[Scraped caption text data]
====

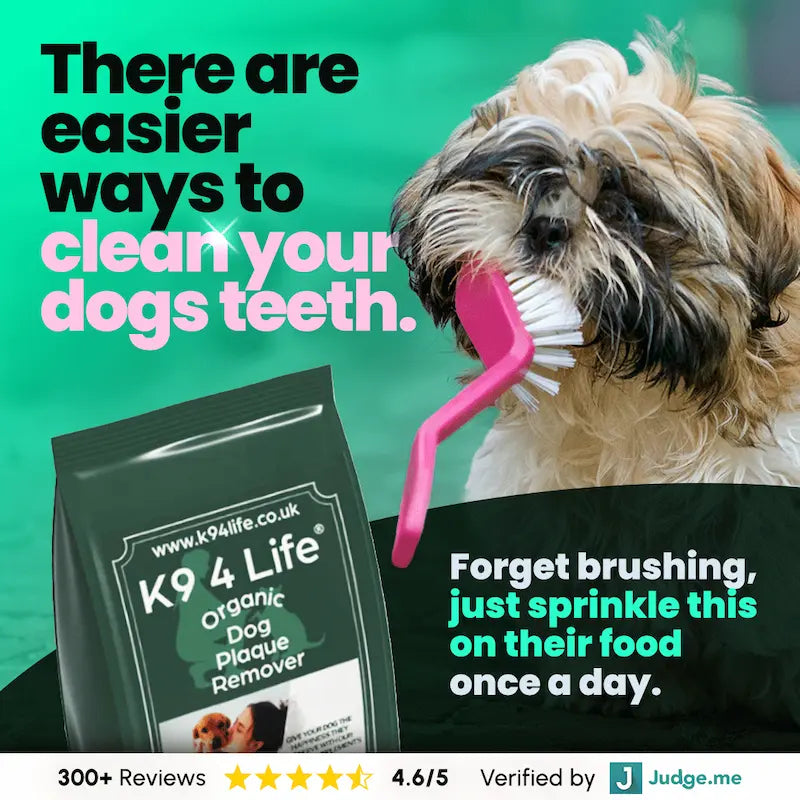 Small dog having its teeth brushed beside K9 4 Life plaque remover powder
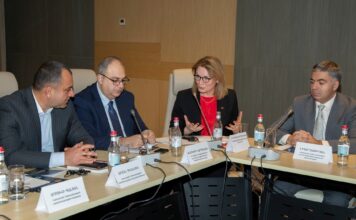 Workshop on “The role of state authorities and civil society in the implementation of Constitutional Court decisions”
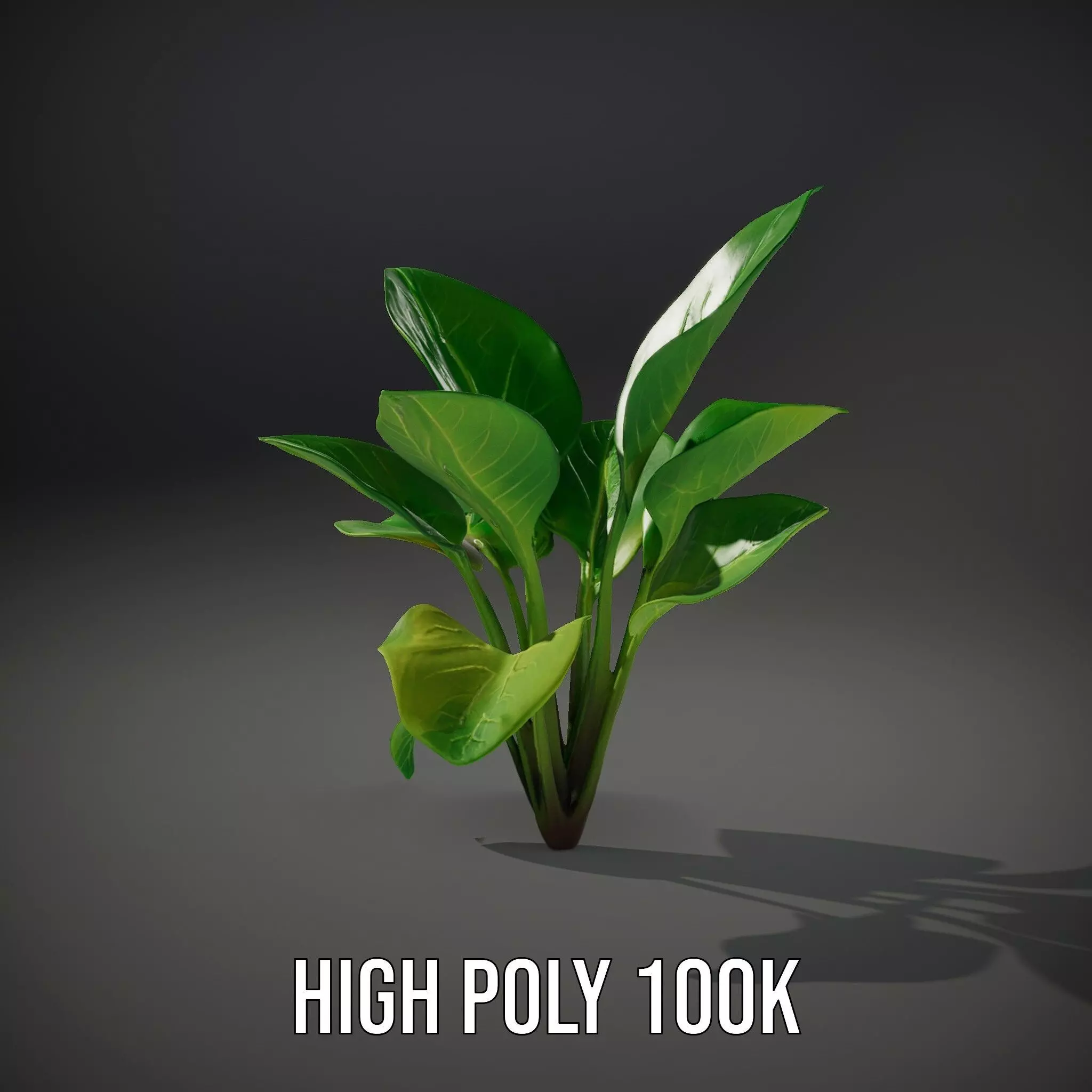 Lush Green Foliage model pack Low-poly 3D model_8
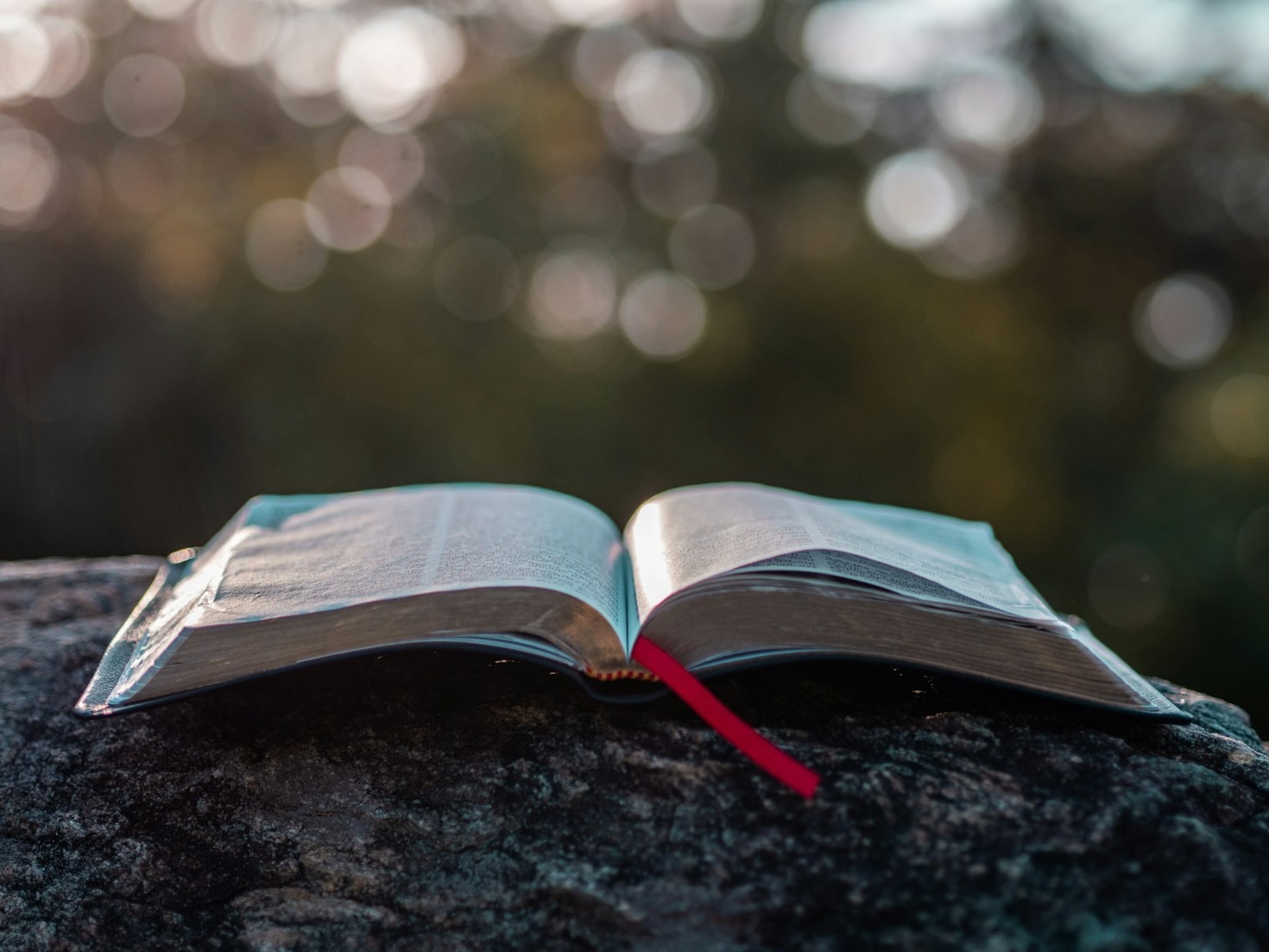 The Torah: A Shared Foundation Between Judaism and Christianity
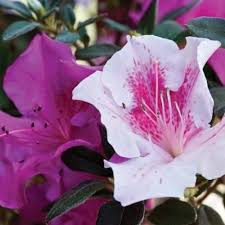 Encores produce a heavy spring flush of blooms, then grow. 1 Gal Encore Azalea Autumn Twist 80561 At The Home Depot Reblooming Flowers Spring Flowers Azaleas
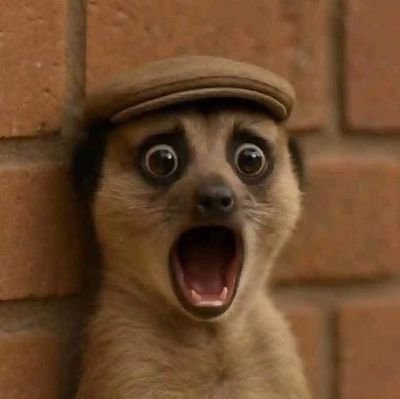 Tomtomzy9Tomiwa's profile picture. 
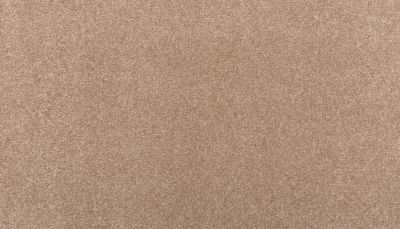 Mohawk Smartstrand Clever Mind II Cattail 3L69-838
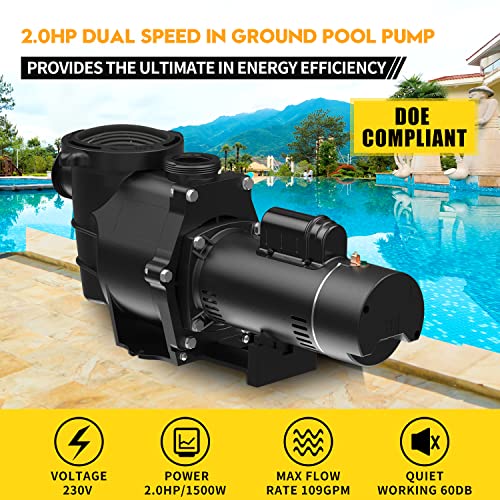 BRIOPAWS 2HP Dual Speed Pool Pump, 6420GPH Flow, 66FT Head Lift, 1.5" and 2" Fittings, Self-Priming Water Pump for Inground/Above Ground/Seawater Pools and Hot Tubs, ONLY 230V 60HZ AC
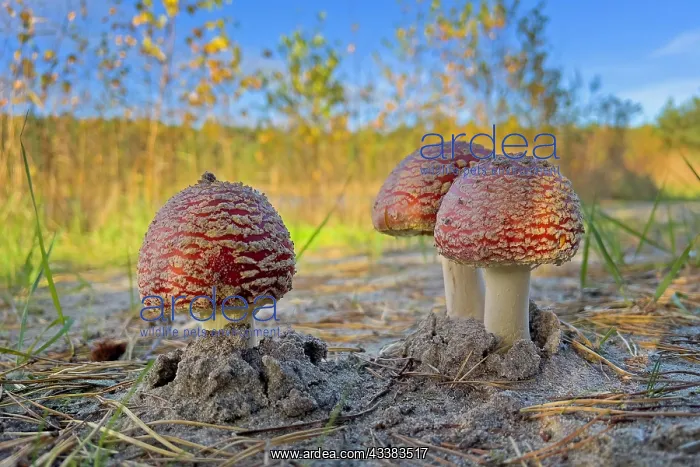 : Red fly agaric (Amanita muscaria), poisonous mushroom : Red fly agaric (Amanita muscaria), poisonous mushroom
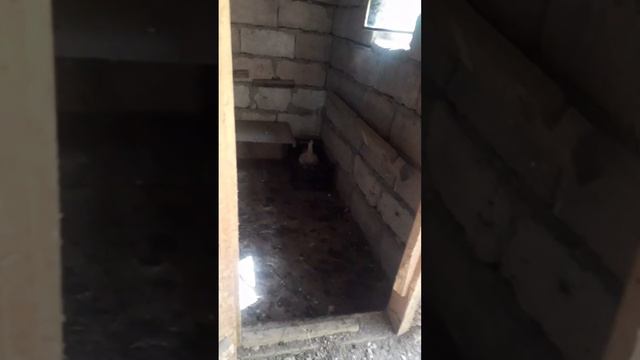 КУРЫ НА ДАЧЕ 🤠 смотреть онлайн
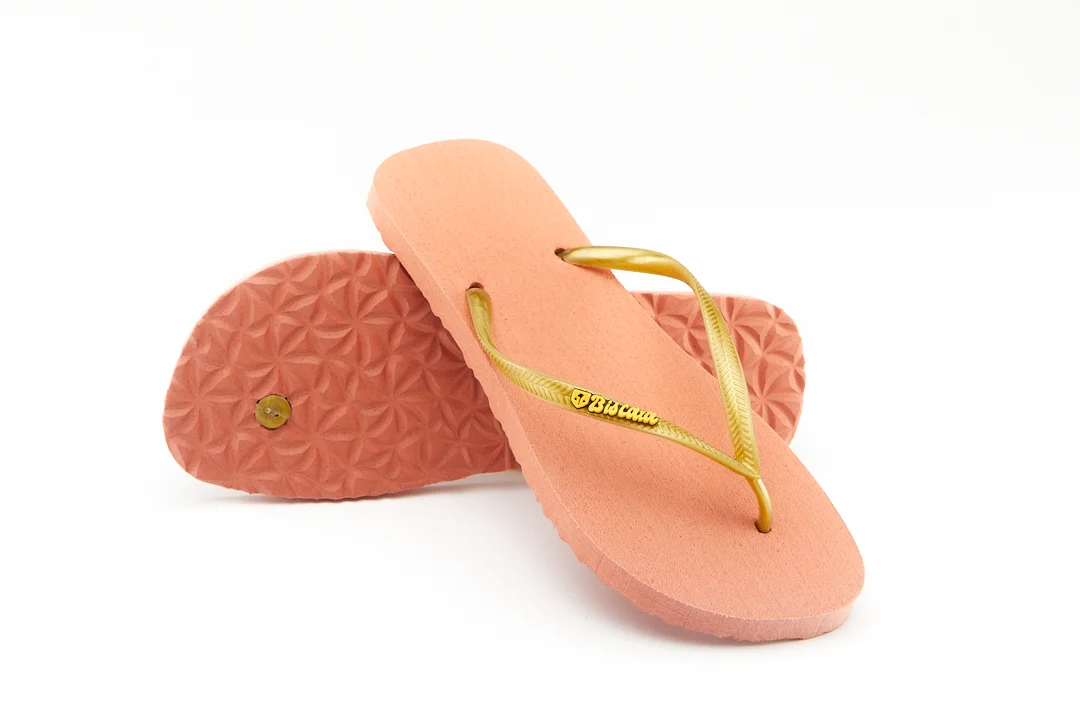 Biscaïa light dorée – Image 2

====

Work order:
Ending at the line with "Lush Green Foliage", reproduce exactly the lines that begin at the top of the data, and include no pictures.

Output for this task:
 Small dog having its teeth brushed beside K9 4 Life plaque remover powder
 Workshop on “The role of state authorities and civil society in the implementation of Constitutional Court decisions”
 Lush Green Foliage model pack Low-poly 3D model_8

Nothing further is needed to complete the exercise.